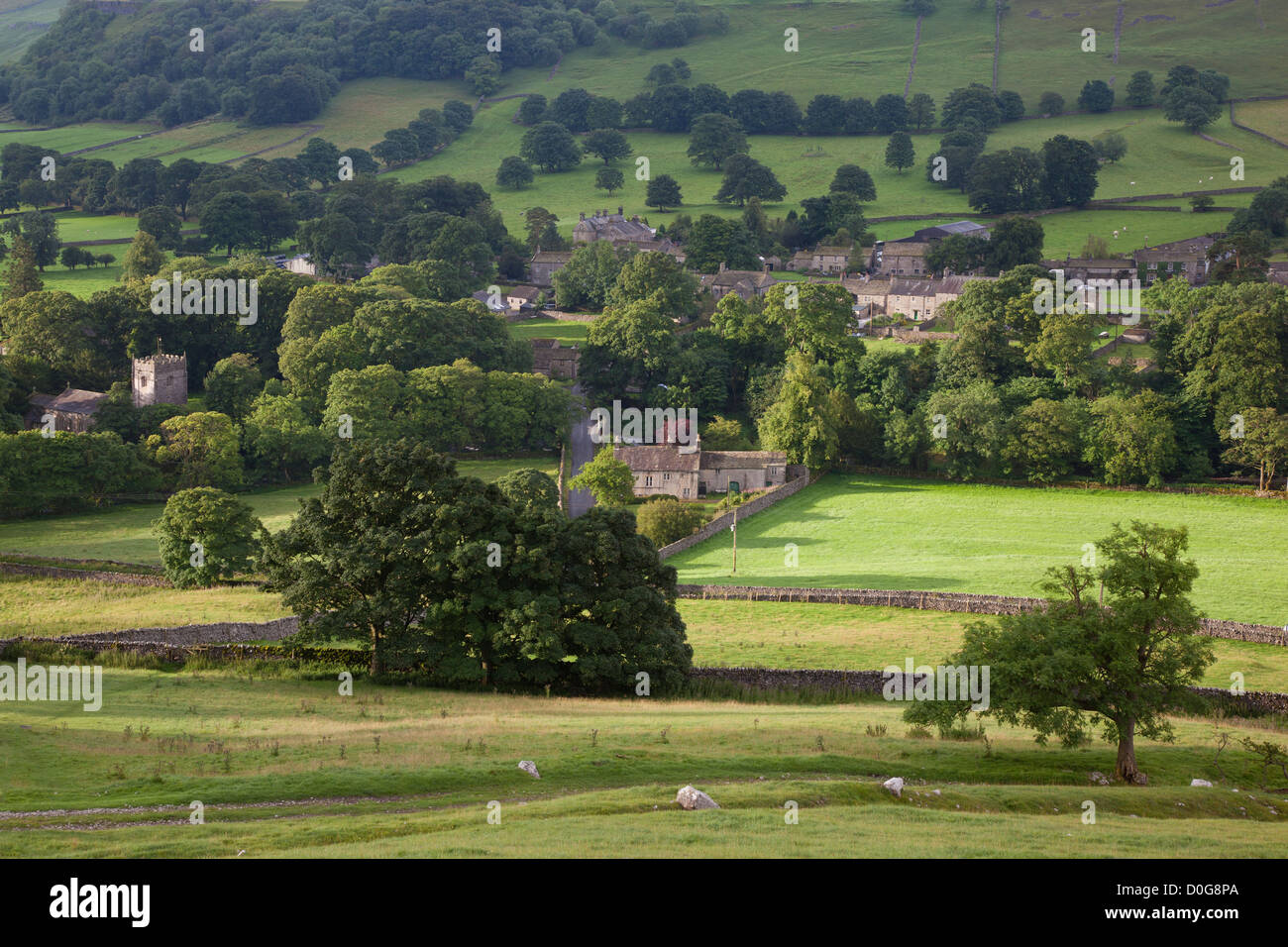 Arncliffe village, Littondale in The Yorkshire Dales, UK Stock Photo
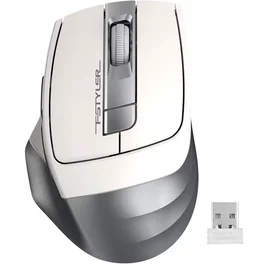 Мышка беспроводная USB A4tech Fstyler FG-35, Silver фото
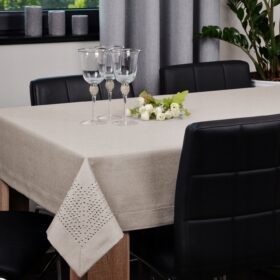 Obrus Panama Dekor - Beżowy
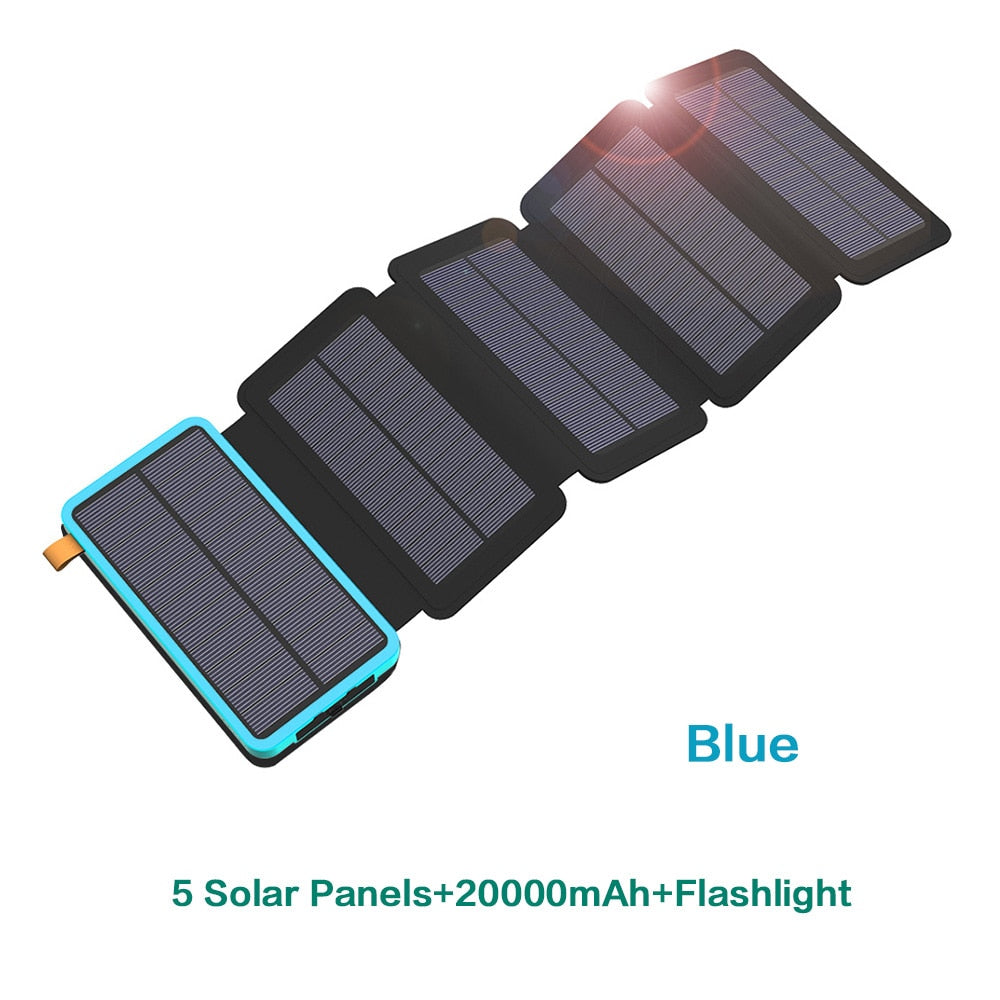 Power Bank+Solar Panel - Portable - Energy Saver Uk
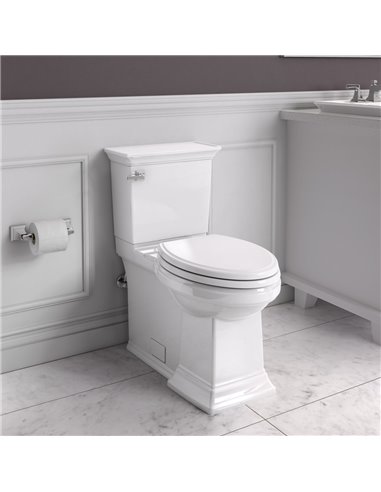 American Standard Town Square S Skirted Two-Piece 1.28 gpf/4.8 Lpf Chair Height Elongated Toilet With Seat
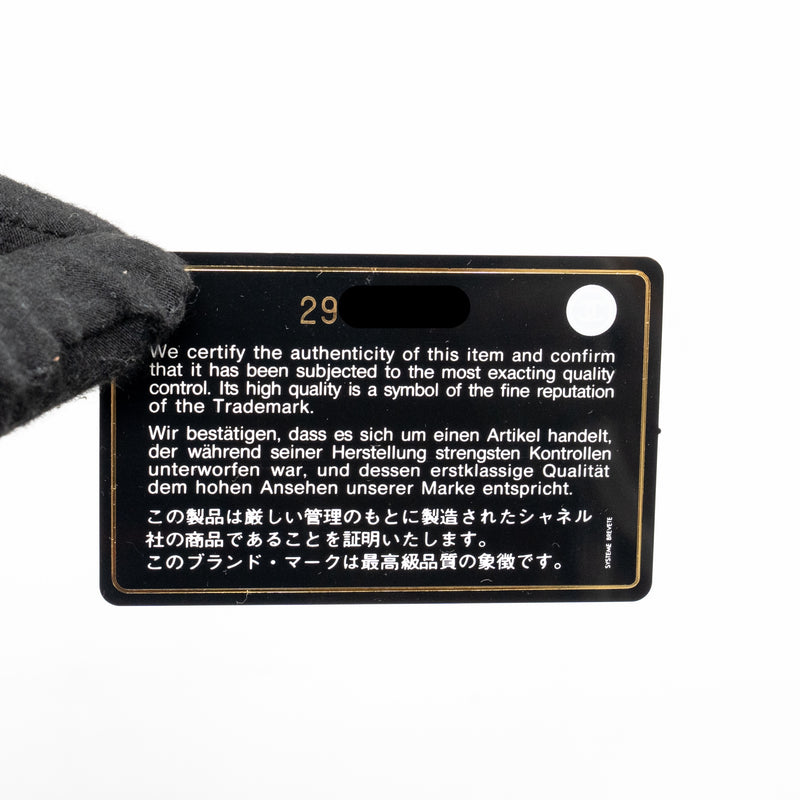 Chanel Quilted Flap Bag with Pearl Detailed Chain Lambskin Black LGHW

* * * * *

# Work request:
Would you write out an exact copy of the entries above, with no images?

# Response box:
 Arncliffe village, Littondale in The Yorkshire Dales, UK Stock Photo
 Мышка беспроводная USB A4tech Fstyler FG-35, Silver фото
 Obrus Panama Dekor - Beżowy
 Power Bank+Solar Panel - Portable - Energy Saver Uk
 American Standard Town Square S Skirted Two-Piece 1.28 gpf/4.8 Lpf Chair Height Elongated Toilet With Seat
 Chanel Quilted Flap Bag with Pearl Detailed Chain Lambskin Black LGHW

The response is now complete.